[PATCH 1/2] pinmux: Add TB10x pinmux driver

Linus Walleij linus.walleij at linaro.org
Sat May 4 04:03:27 EST 2013


On Thu, May 2, 2013 at 8:49 PM, Stephen Warren <swarren at wwwdotorg.org> wrote:
> On 04/29/2013 10:17 AM, Christian Ruppert wrote:
>>>
>>> So if this is what you want to achieve, just use the same number
>>> as in your datasheet in the pin number -> problem solved.
>>
>> The problem is that we must support several products which are basically
>> different packaging options of the same chip (or simplified versions
>> thereof). Not all of those products will have the same number of pins
>> and as a consequence, data sheet pin numbering will also be different.
>> The port names are going to remain the same for all products, however.
>> Some of the ports are just not going to be physically available in some
>> or the products. Sorry if that wasn't clear from my previous mail.
>
> It sounds like you can use the exact same numbering scheme for all the
> different packaging options; it's just that some of the pin numbers
> simply won't exist on some of the packaging options, so while defined by
> the DT binding, it simply won't make sense to use them?
>
> Certainly, Tegra20 has two packaging options, and the pinctrl driver for
> it has zero knowledge of this. Perhaps we're just lucky though.

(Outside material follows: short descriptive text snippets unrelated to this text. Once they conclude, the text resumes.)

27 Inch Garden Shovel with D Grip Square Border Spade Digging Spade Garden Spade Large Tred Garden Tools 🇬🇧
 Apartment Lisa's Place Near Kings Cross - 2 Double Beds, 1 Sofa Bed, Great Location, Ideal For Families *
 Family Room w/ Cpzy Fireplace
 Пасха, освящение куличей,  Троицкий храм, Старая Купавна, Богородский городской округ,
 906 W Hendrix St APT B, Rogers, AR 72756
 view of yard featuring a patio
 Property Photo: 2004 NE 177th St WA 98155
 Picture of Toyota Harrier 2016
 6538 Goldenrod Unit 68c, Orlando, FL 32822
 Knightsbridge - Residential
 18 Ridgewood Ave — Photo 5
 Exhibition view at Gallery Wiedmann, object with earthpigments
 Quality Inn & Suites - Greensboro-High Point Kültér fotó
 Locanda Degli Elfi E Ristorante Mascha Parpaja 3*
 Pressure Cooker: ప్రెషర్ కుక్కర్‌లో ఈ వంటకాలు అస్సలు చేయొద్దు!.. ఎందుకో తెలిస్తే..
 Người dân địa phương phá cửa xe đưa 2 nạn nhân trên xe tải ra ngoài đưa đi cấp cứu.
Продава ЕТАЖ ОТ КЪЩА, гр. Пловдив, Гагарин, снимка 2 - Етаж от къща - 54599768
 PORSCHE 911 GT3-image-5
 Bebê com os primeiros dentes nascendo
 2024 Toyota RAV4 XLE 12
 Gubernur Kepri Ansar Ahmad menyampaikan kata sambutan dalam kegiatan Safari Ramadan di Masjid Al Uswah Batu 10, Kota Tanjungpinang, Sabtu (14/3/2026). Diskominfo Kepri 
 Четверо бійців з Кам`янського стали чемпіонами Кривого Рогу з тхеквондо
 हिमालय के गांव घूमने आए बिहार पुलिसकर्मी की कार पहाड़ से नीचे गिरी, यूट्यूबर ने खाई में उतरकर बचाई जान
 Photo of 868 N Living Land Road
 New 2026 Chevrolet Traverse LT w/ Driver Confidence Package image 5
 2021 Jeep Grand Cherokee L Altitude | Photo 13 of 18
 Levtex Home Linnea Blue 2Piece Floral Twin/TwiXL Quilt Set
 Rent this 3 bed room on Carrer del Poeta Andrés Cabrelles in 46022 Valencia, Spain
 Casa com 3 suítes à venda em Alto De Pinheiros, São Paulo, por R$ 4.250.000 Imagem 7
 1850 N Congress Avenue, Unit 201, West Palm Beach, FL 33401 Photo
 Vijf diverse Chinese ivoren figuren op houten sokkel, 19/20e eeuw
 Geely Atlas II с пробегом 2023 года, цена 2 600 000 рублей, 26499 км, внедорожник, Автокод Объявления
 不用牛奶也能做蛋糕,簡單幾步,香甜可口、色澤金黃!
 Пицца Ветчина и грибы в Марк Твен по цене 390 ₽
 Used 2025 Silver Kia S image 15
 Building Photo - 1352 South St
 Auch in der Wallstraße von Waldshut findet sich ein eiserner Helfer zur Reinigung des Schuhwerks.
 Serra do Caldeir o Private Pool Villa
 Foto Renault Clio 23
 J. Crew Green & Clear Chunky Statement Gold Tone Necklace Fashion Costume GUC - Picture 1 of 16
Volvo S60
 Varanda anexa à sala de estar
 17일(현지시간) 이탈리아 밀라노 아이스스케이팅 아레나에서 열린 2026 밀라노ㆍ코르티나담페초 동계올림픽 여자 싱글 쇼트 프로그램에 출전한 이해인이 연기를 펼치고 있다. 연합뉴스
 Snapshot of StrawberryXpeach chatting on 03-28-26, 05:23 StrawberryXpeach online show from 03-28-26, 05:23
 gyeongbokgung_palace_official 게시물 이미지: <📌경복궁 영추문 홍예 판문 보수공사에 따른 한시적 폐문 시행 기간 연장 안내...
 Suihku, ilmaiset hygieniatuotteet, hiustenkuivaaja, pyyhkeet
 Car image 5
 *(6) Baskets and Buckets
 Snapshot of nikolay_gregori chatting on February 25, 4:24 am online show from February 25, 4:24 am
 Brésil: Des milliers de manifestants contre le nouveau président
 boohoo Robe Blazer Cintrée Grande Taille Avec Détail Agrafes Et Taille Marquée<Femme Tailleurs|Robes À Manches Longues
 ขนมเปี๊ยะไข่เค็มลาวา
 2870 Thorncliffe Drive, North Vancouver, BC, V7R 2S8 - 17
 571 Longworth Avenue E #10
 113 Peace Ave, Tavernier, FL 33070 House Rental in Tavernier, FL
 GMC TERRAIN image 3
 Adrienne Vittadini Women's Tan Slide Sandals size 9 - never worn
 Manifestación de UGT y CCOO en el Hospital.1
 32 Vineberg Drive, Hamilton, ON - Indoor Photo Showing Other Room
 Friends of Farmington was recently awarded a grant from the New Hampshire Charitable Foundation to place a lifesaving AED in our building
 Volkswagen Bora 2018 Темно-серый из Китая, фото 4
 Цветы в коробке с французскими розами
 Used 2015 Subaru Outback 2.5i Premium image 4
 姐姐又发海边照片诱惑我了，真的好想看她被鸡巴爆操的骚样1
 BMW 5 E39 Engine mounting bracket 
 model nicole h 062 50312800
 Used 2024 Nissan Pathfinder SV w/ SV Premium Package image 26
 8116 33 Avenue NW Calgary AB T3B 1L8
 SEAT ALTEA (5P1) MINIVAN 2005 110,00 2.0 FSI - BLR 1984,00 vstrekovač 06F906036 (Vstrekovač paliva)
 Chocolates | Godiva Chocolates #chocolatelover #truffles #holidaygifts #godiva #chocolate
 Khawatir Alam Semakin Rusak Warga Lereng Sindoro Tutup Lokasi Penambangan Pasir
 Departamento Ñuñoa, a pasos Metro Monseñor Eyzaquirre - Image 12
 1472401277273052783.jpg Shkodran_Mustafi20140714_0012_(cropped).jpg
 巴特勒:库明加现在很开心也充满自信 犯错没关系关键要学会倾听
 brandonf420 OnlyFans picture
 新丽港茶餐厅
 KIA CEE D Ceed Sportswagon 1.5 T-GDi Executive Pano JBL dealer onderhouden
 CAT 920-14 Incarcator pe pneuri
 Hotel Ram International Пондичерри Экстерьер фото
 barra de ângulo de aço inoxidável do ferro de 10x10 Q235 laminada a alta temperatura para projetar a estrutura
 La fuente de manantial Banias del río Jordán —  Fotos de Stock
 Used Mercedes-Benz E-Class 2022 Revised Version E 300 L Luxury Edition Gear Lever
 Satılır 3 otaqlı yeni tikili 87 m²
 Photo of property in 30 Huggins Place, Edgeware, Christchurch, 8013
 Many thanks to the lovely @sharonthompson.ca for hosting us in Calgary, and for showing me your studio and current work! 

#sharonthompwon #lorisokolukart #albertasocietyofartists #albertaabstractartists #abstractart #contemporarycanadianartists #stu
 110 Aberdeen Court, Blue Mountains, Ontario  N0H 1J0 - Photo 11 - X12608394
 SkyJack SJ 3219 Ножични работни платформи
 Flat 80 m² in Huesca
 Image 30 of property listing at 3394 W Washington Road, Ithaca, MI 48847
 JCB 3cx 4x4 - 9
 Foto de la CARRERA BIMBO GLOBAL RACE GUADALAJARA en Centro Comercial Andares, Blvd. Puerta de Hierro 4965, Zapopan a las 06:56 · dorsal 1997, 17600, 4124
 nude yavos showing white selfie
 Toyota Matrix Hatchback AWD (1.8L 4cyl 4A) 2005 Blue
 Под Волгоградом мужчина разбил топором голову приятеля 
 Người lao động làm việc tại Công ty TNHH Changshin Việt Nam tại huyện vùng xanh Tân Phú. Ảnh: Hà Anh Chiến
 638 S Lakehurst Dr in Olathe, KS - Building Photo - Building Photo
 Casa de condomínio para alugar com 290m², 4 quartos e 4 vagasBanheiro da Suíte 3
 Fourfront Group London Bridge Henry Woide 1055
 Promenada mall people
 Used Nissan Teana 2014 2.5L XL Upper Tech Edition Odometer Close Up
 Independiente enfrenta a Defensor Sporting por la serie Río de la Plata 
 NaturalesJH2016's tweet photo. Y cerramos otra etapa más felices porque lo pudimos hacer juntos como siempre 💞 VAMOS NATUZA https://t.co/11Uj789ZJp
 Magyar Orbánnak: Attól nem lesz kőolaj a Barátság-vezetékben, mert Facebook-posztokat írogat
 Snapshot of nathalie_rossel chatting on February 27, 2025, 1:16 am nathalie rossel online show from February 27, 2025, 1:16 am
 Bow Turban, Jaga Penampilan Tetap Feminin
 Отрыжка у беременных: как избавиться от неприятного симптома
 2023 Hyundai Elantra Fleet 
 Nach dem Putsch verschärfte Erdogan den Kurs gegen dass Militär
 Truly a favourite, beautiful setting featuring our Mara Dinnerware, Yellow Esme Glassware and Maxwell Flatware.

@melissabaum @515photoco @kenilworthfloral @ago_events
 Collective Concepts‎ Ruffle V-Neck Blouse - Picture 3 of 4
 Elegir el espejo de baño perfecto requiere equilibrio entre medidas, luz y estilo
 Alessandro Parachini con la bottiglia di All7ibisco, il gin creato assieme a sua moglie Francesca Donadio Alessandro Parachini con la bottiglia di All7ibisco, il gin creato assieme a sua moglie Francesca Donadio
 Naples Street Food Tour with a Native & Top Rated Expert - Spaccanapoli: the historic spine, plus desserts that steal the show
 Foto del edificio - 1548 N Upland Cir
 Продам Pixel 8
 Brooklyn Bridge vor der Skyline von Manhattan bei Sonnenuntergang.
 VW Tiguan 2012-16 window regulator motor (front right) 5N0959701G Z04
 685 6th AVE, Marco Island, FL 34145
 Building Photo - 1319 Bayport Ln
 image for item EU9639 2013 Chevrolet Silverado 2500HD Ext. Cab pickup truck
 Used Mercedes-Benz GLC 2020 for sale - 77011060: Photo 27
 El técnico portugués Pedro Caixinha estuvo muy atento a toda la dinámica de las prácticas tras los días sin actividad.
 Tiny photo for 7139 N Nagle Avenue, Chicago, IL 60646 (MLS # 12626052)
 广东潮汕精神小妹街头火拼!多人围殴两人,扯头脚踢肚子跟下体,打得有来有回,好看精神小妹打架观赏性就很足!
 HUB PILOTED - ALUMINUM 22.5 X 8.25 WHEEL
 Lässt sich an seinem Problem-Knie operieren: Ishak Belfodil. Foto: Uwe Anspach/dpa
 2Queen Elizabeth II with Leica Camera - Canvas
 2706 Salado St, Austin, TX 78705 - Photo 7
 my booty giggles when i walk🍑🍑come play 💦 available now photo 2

I guess
> the Tegra TRM doesn't define any "Pin number" (just "pin name") for the
> pins, so there's no possibility of the same "number" meaning different
> things in the two packages, so perhaps we're just getting lucky here.

I am certain it must be possible to come up with something reasonable
here, especially since this is using the device tree.

In U300 we had something like 4 different packaging types, all with
different names on the pins, however I could avoid the entire
issue by using pad numbers instead, i.e. the numbers of the pads/fingers
on the silicon die inside the chip.
(Documentation/pinctrl.txt contains hints on this.)

It seems like your situation is similar.

And since you work for Abilis I assume you can access such low-level
documentation and come up with a numbering scheme based on
something that does not vary with packaging.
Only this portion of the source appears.